▶ _What you have to do_: Find the line containing "Resale - Apartment". Retype it and every later line of the records exactly, leaving out pictures.

Pictures with short captions

__________________________________________________

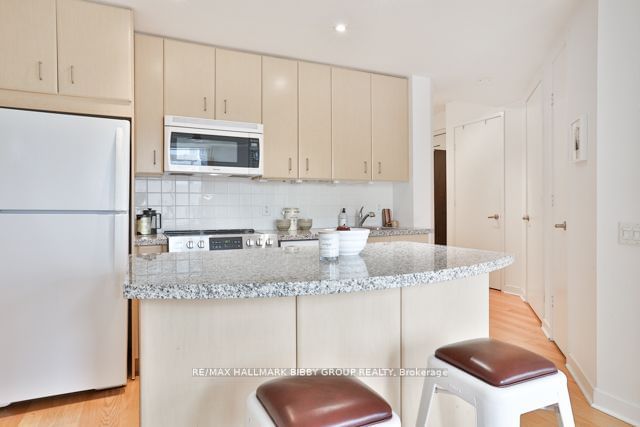 85 Bloor St E, unit PH09 for sale - image #9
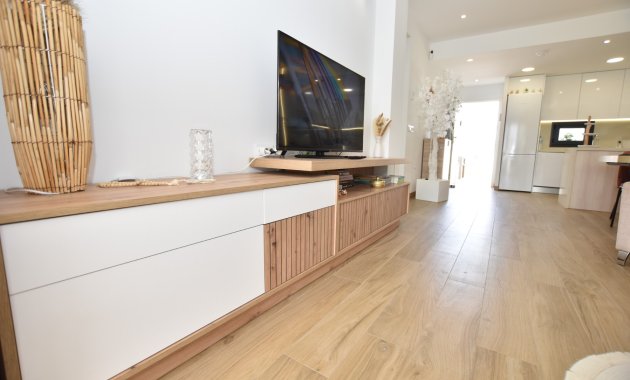 Resale - Apartment  -
Torrevieja - Los Balcones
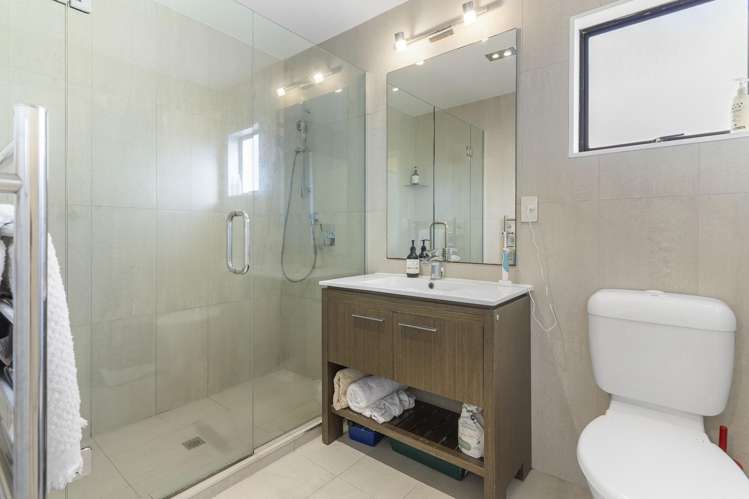 1/195 Abbotts Way Remuera_11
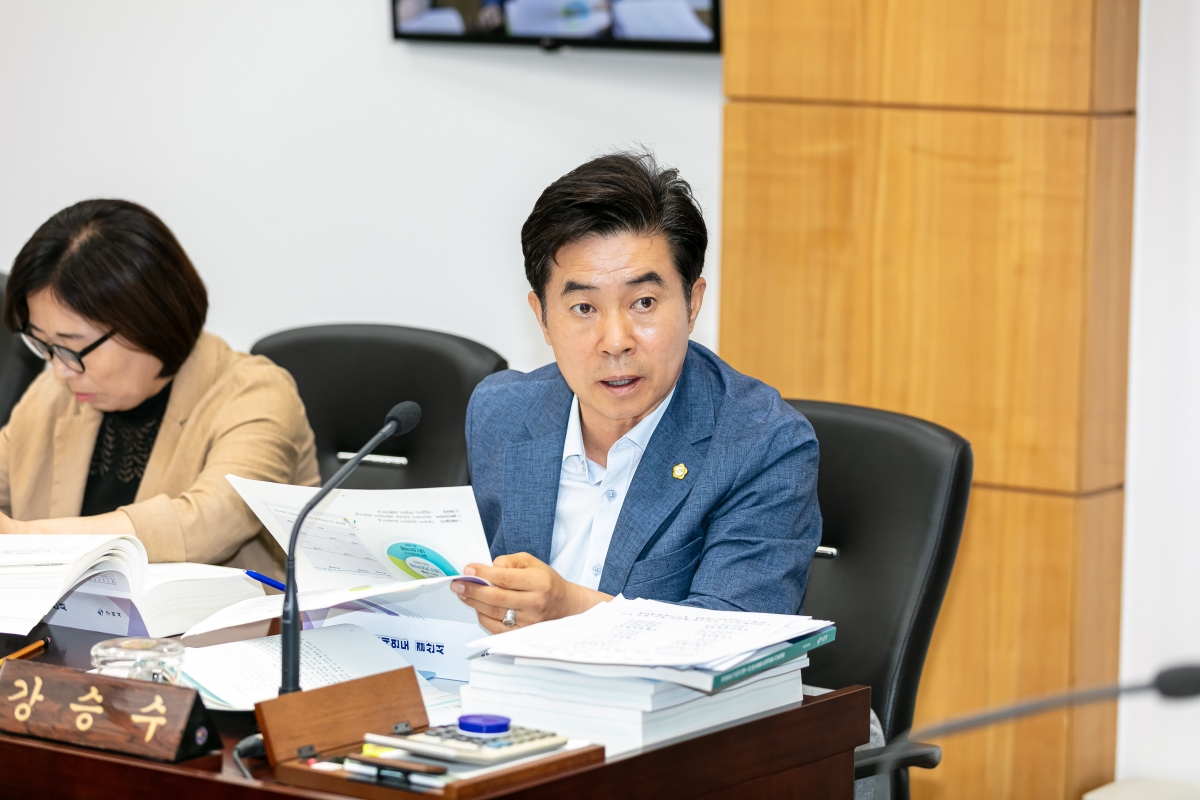 20250610-031[IMG_9828-제288회 제1차 정례회 예산결산특별위원회 2024회계연도 세입세출결산승인안 심사활동.jpg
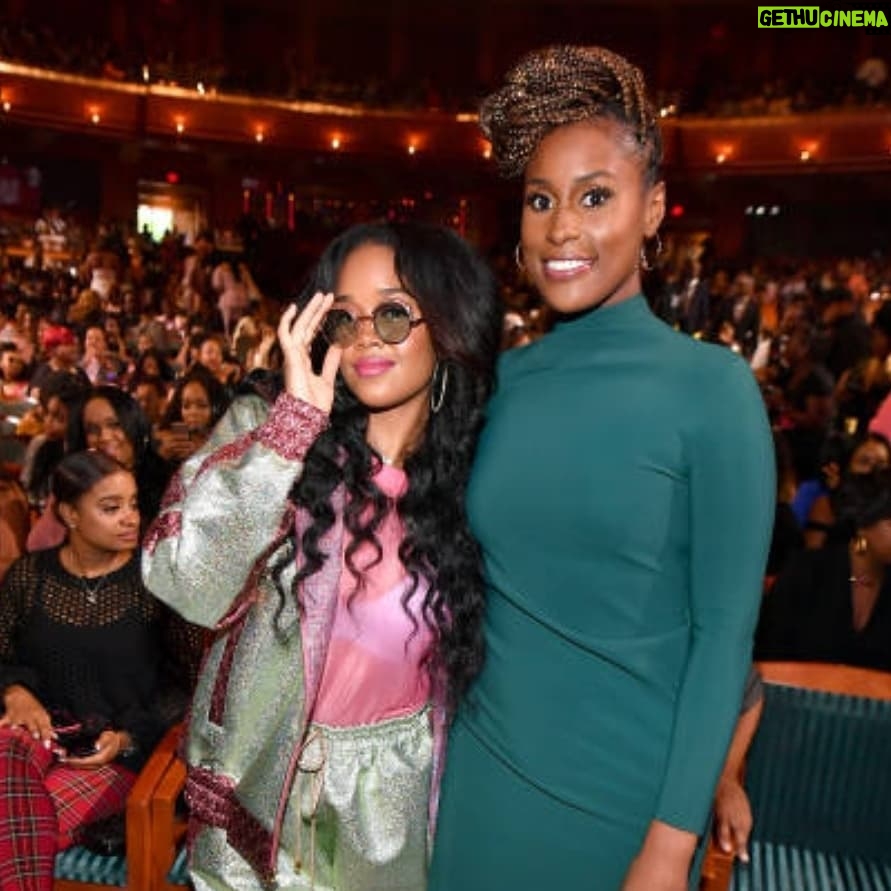 Regina King Instagram - #blackgirlsrock2019 Tonight 8/7 pm central on @bet 💜Showering love on each other💜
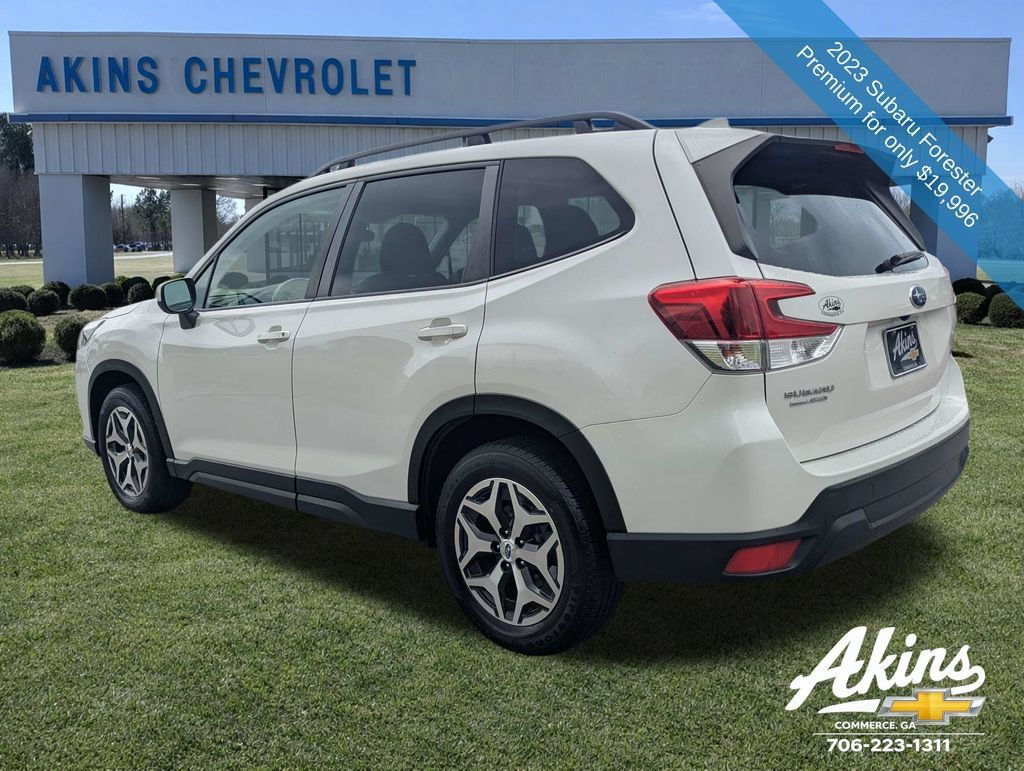Used 2023 Subaru Forester Premium AWD/4WD image 7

__________________________________________________

▶ _Exercise output_:
 Resale - Apartment  -
Torrevieja - Los Balcones
 1/195 Abbotts Way Remuera_11
 20250610-031[IMG_9828-제288회 제1차 정례회 예산결산특별위원회 2024회계연도 세입세출결산승인안 심사활동.jpg
 Regina King Instagram - #blackgirlsrock2019 Tonight 8/7 pm central on @bet 💜Showering love on each other💜
Used 2023 Subaru Forester Premium AWD/4WD image 7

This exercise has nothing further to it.